I remember the bomb peck between Wilkinson Street and Miller Street, the Germans must have been aiming for Millers and the factories in Bracebridge Street and Aston Brook Street.

We played there many times, I wonder if there was a factory on that site as we discovered lots of objects that looked like cuff links, one side was
coloured enamel and the other had the word "gilt" stamped on it. In our
ignorance we confused gilt with guilt and thought the police would be after
us if we took them home!!!

There were also bomb pecks in New Street on both sides of the road, and
also in Whitehouse Street, a friend of mine was staying with her grandma
in Alma Street and although only about 3 years old remembers her gran
carrying her to the shelter when the bomb fell as it was just behind their house.
 
:shock: Er... does anyone know why were these bomb sites/bomb craters were known as 'pecks'?
 
Thanks everyone. :lol: At last I can rest easy in my bed at night again. :roll:

Sweet dreams all Zzzzzzzzzzzzzzzz! :wink:
 
Bomb Peck

Our favourite past time as kids was playing on the bombed peck which was next to the park and almost opposite St Annes school in Devon St. it still had bombed buildings on part of it.

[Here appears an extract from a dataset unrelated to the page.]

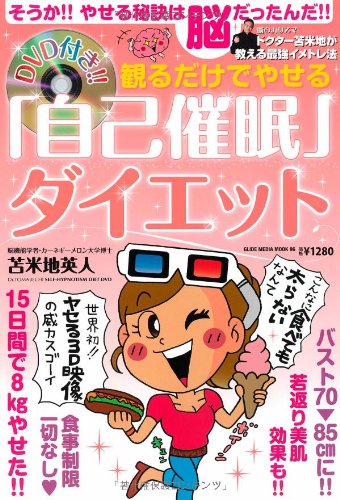 Dvd付 見るだけでやせる自己催眠ダイエット Glide Medeia Mook 96 苫米地 英人 本 通販 Amazon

I presume the Germans target was the gas works a few hundred yards down the road.
Funny as kids you never questioned why is was called the Bomb peck!
 
Bomb Peck

I too played on what we called Bomb Pecks, I know though that some the house and building remains were due to the demolition process rather than bomb damage. Funnily enough they sometimes became the sites of wars between rival schoolboy gangs, all played out very seriously at the time, but looking back, what fun :lol: It's a real wonder we wern't maimed for life by the use of heavy ammo(HOUSE BRICKS) :roll: Whatever the word peck meant originally, to me it meant an adventure playground.
 
Bomb Pecks.

Just to add to the bomb peck discussion. When I was a lad living in Queens Tower in Nechells, we called any bit of old demolished and dormant land a bomb peck. There was one right over the road from Queens Tower, next to the side of Loxton Street School, and I spent many happy hours there, doing daft ladish things like catching butterflys, playing hide-and-seek, and starting your own fires up against the school wall etc. Until the local policeman would come around the corner and catch you red handed, and administered his own form of instant justice ( normally a clip round the ear ), with the threat that if it ever happened again, he would take me home and tell my parents. Boy, did that have an effect? Anyway, great times in a great place, thanks for the memories.
 
We had a bomb peck over the road from where we use to live. In between Charles Arthur street, Nechells and Rocky Lane. I have recently been informed it was not bombed but houses that were dimolished by mistake. How true this is, I am not sure, any one know of this?
A block of high rise flates were built up the one end and the Prince Rupert Pub the other.
On the bomb peck we use to gather fire wood for guy fawkes night, it got bigger and bigger each year. Lots of fun for all the kids, not so sure if the people in the falts thought it was fun. Not sure if the block of flats were called Camrose Tower?
 
In " Our " world around the Coleman Street area they were know as Bomb Peck. l heard of a sad story of a man who refused to go to the Air Raid shelter and one night his house had a direct hit , this was on the corner of Lupin Street and Willis Street,he may have lived in the corner shop that once stood there. Only pleased that l found this out after we had stopped playing on there otherwise l may have been spooked out. If all will forgive me for saying so. Why did we play on the peck ?
it was the only place we could dig holes to play our marble games.
 
EARP said:
We had a bomb peck over the road from where we use to live. In between Charles Arthur street, Nechells and Rocky Lane. I have recently been informed it was not bombed but houses that were dimolished by mistake. How true this is, I am not sure, any one know of this?
A block of high rise flates were built up the one end and the Prince Rupert Pub the other.
On the bomb peck we use to gather fire wood for guy fawkes night, it got bigger and bigger each year. Lots of fun for all the kids, not so sure if the people in the falts thought it was fun. Not sure if the block of flats were called Camrose Tower?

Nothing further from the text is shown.